> [Instructions to follow]: Each line of the records must appear in your answer exactly, with no pictures.

----------------------------------------

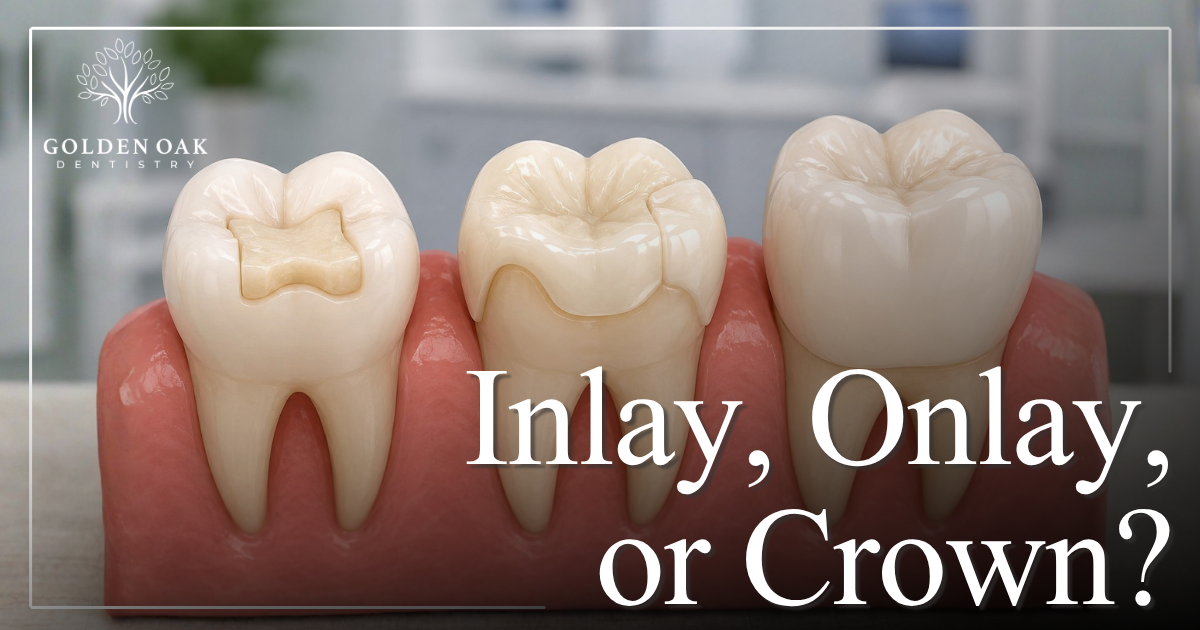 Inlay, Onlay, or Crown?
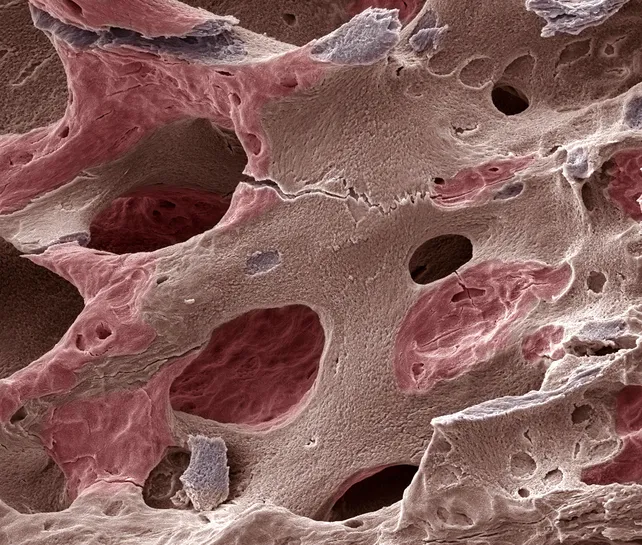 Scanning electron micrograph (SEM) of human bone with osteoporosis © Science Photo Library/Getty Images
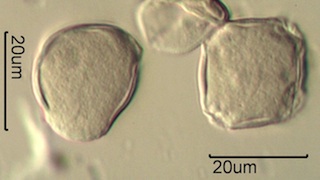 Blackberry Pollen Under the Microscope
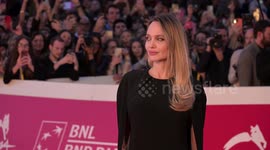 UNCAPTIONED: Angelina Jolie displays mastectomy scars for first time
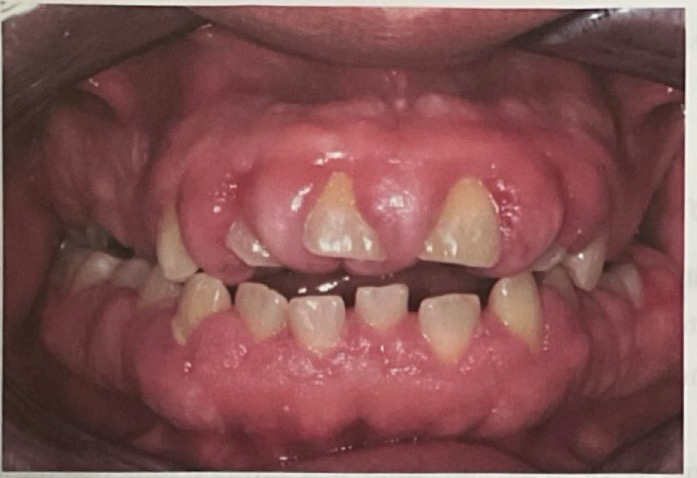 <p>CHẨN ĐOÁN?</p>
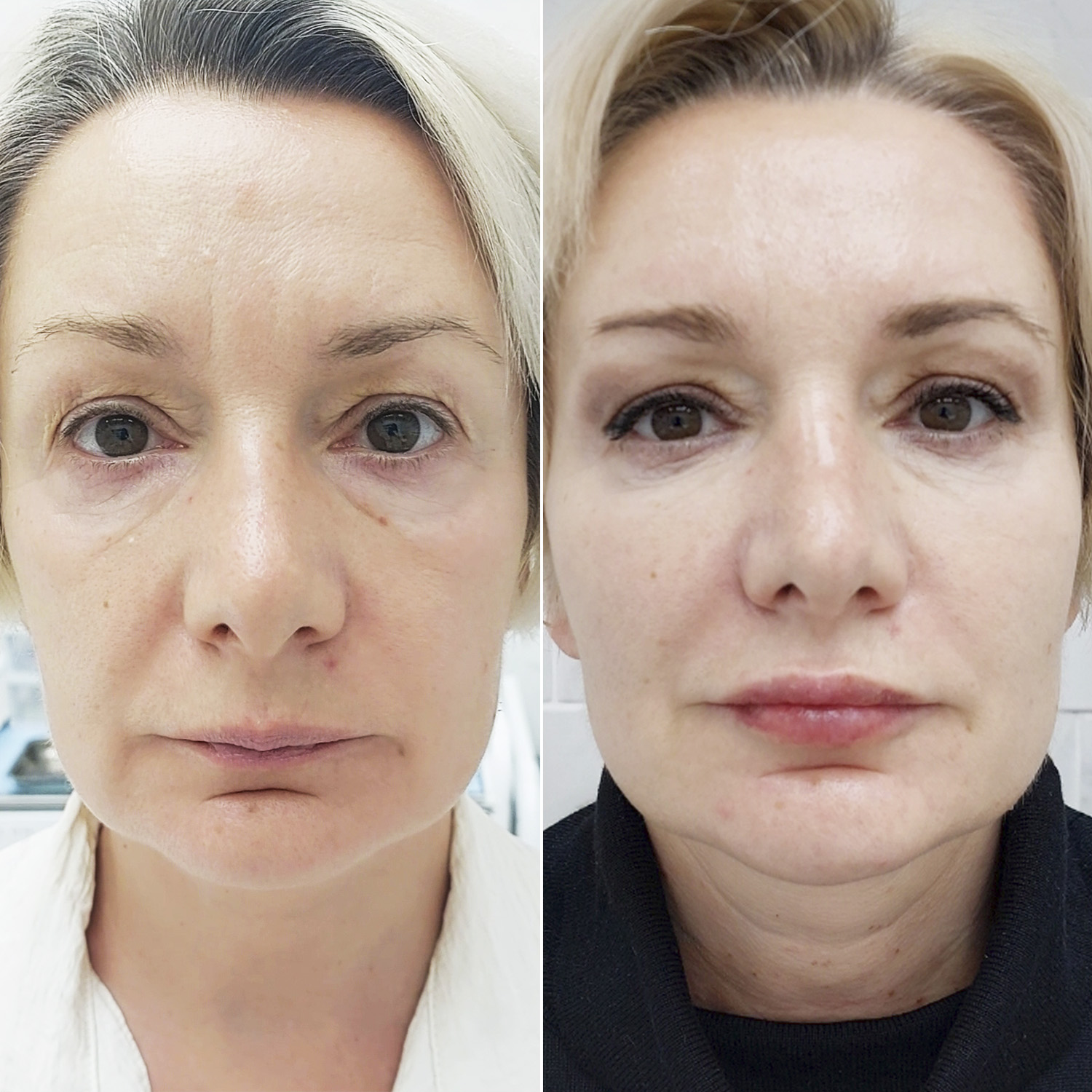 //mechtalina.ru/wp-content/uploads/2020/12/botulinoterapiya-disport-konturnaya-plastika-gub-stilazh-lips-biorevitalizatsiya-litsa-i-glaz-radiess-45-ml-i-stilazh-xl-kolesnikova.jpg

----------------------------------------

> [Solution to the exercise]:
 Inlay, Onlay, or Crown?
 Scanning electron micrograph (SEM) of human bone with osteoporosis © Science Photo Library/Getty Images
 Blackberry Pollen Under the Microscope
 UNCAPTIONED: Angelina Jolie displays mastectomy scars for first time
 <p>CHẨN ĐOÁN?</p>
 //mechtalina.ru/wp-content/uploads/2020/12/botulinoterapiya-disport-konturnaya-plastika-gub-stilazh-lips-biorevitalizatsiya-litsa-i-glaz-radiess-45-ml-i-stilazh-xl-kolesnikova.jpg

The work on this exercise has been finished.